No cuesta imaginar al joven de 18 años al que se le promete una paga de 400 euros sin tener que mover un dedo. El chico al que en el instituto le dicen que podrá pasar de curso con asignaturas pendientes. En su cabeza, concebirá el Estado como una especie de flotador salvavidas al que aferrarse cuando no le apetezca esforzarse. Siempre habrá un cheque, un bono, una paga… y siempre que haya un problema, ahí estará Pedro para resolverlo. Como el manitas del seguro del hogar.
Seguramente gastará sus 400 euros en videojuegos o en Netflix. Pero sería mucho más útil que lo invirtiera en un manual de economía aplicada en el que se le explique que ese dinero sale de los impuestos de sus padres; y de los ciudadanos que echan gasolina en el depósito de su coche o pagan un peaje. O de las empresas, que le ofrecerán peores condiciones laborales cuanto más tasas tengan que pagar para mantener ese Estado del bienestar que ha derivado en una enorme red de intereses, pagas, asientos asignados y desfalcos.
Aquí se tolera cualquier cosa, pues hemos perdido la capacidad de medir la temperatura del agua, que arde. Se permite incluso que se utilicen fondos europeos para pagar la reforma del solárium del hotel de veraneo del presidente del Gobierno
Aquí se tolera cualquier cosa, pues hemos perdido la capacidad de medir la temperatura del agua, que arde. Se permite incluso que se utilicen fondos europeos para pagar la reforma del solárium del hotel de veraneo del presidente del Gobierno. O que se tiren a la basura cientos de millones de las subvenciones para la reconversión de las cuencas mineras. Como los más de diez que se emplearon para reparar una máquina de vapor de 1884 con el objetivo de crear un tren turístico… y fíjense: ni hay ferrocarril, ni hay puestos de trabajo creados –se prometieron diez-, ni se sabe dónde está el dinero ni se ha condenado a nadie aún.
Esas ayudas, al final, sirven para rescatar a los obedientes, pero no para incentivar la economía. Tampoco los 400 euros salvarán la cultura, dado que el talento no se invoca con dinero público, puesto que es un bien personal, innato e intransferible. Ya se sabe, además, que las industrias que dependen del Estado pierden poco a poco competitividad, puesto que están sometidas a la insondable voracidad del poder y a los vientos de cara presupuestarios y partidistas.
Esos 400 euros son como el círculo rojo incandescente de la vitrocerámica.
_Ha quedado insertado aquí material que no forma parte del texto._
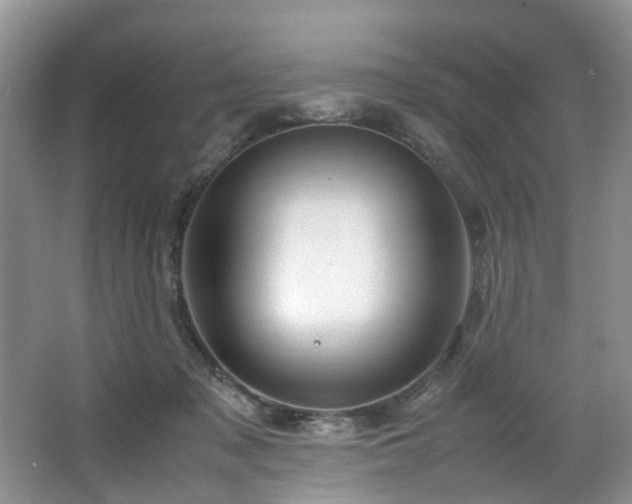 X0000064770317200602101256
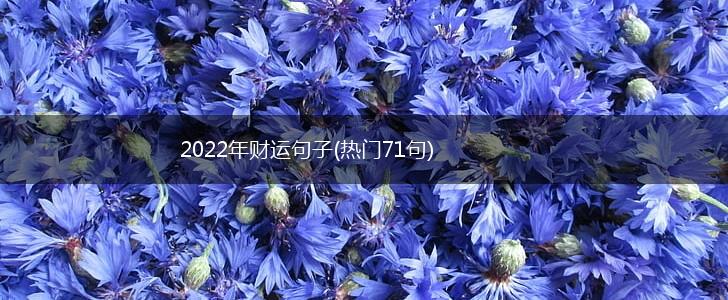 2022年财运句子(热门71句),第1张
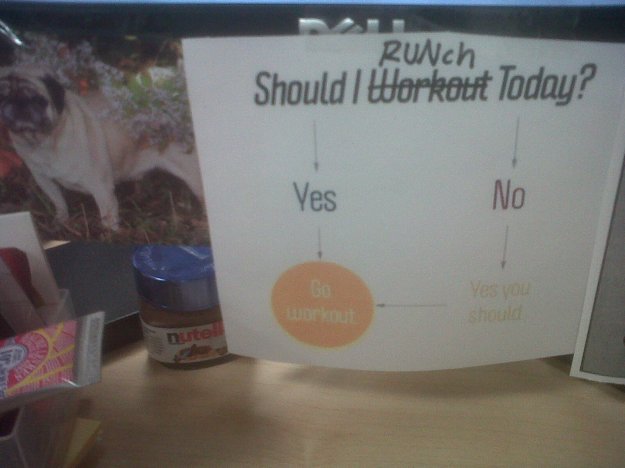 IMG01584-20130206-1600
El que calienta el agua de la olla donde se mete la rana. Donde están los españoles desde hace muchos años, sin notar que se van cocinando poco a poco en su jugo con un líquido amniótico que está cada vez más caliente y que terminará por cocerles. Cuando eso ocurra, se declarará oficialmente la ruina y, entonces, quienes fueron culpables se ofrecerán como salvadores. Y dirán que ellos intentaron que el saber no se limitara a las clases pudientes en un país pobre. Son los mismos que siguen defendiendo el sistema educativo de un modelo que quebró por ineficiente y corrupto, como el soviético. Y tienen la cara más dura que el acero de la olla. Inoxidable.